Vladimir Putin has reiterated his criticism of the U.S. in a speech in which he accused Washington of trying to "prolong" the conflict in Ukraine and condemned the recent visit to Taiwan by House Speaker Nancy Pelosi.

At the Moscow International Security Conference, the Russian leader took aim at "western globalist elites" which he said were "provoking chaos, inciting old and new conflicts," as well as trying "to preserve the hegemony and power that is slipping out of their hands."

He said that the United States "and its vassals crudely interfere in the internal affairs of sovereign states," as he accused them of organizing "provocations, coups, civil wars" while "threats, blackmail and pressure try to force independent states to submit to their will."

"The so-called collective west is purposely destroying the European security system," Putin said on Tuesday, before returning to his repeated criticism of NATO for "building up its military infrastructure."

Russian President Vladimir Putin
Russian President Vladimir Putin at the International Military Technical Forum 'Army 2022', on August 15, 2022, in Kubinka, outside Moscow, Russia. The next day, he told a Moscow security forum that the U.S. is trying to "prolong" the conflict in Ukraine. Getty Images

He said that for the West to "maintain their hegemony" they made the people of Ukraine "cannon fodder," ignored the spread of "Neo-Nazi ideology"—in reference to one of his justifications for his invasion—and "continue to pump the Kyiv regime with weapons."

"The situation in Ukraine shows that the U.S. is trying to prolong this conflict," Putin said, as he condemned Washington's policies in other parts of the world.

"As you know, recently the United States once again deliberately tried to add fuel to the fire and stir up the situation in the Asia-Pacific region," he said, in reference to Pelosi's visit to Taiwan on August 2.

This trip caused anger in Beijing, which responded by ordering military drills around the self-governing island that it claims as part of China. Putin is a close ally of Chinese leader Xi Jinping, whose backing has helped him weather global criticism of his invasion of Ukraine.

Pelosi's trip, in Putin's view, was not just one by an "irresponsible politician" but a "carefully planned provocation" as well as part of a "conscious U.S. strategy to destabilize" that part of the world.

It was also a "a brazen demonstration of disrespect for the sovereignty of other countries and for its international obligations," Putin said in the speech whose video and transcript were available on the Kremlin website.

In response to Putin's comments, a U.S. State Department spokesperson said that Putin's accusations of U.S. interference in foreign countries "is beyond disingenuous."

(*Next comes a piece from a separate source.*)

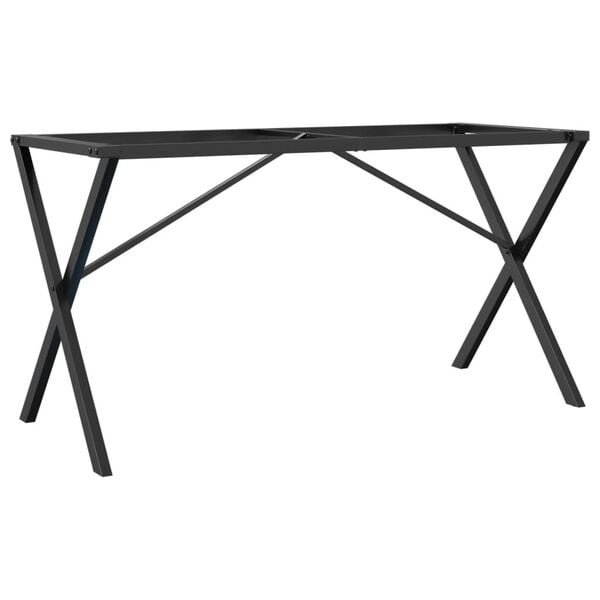 VidaXL Eettafelpoten X-frame 120x60x73cm Gietijzer | 30% Korting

"Putin invaded Ukraine," the spokesperson said. "This is a classic Russian shell game of shifting blame. All the steps we have taken since Putin launched his premeditated full-scale invasion have been to support the people brutalized by Moscow's war and increase pressure on the Kremlin to end its aggression immediately.

"Before Putin's forces invaded, we consistently spoke of the two paths Russia can choose—dialogue and diplomacy or escalation and massive consequences. We made genuine and sincere efforts to pursue the former, which we vastly preferred, but Putin chose war."

Putin's railing at the West in general and the U.S., in particular, come as the Russian Embassy in Washington accused Washington of increasing the threat of nuclear conflict.

In a post on Telegram that was reported by Russian news agencies, the mission criticized the U.S. withdrawal from agreements such as the Intermediate-Range Nuclear Forces Treaty (INF) nuclear disarmament deal and the U.S. arming of Ukraine.

It said that Washington's "steps to further engage in a hybrid confrontation with Russia in the context of the Ukrainian crisis" raise the possibility of "unpredictable escalation and a direct military clash of nuclear powers."

Update 08/16/22, 12:45 p.m. ET: This article was updated with a response from the U.S. State Department.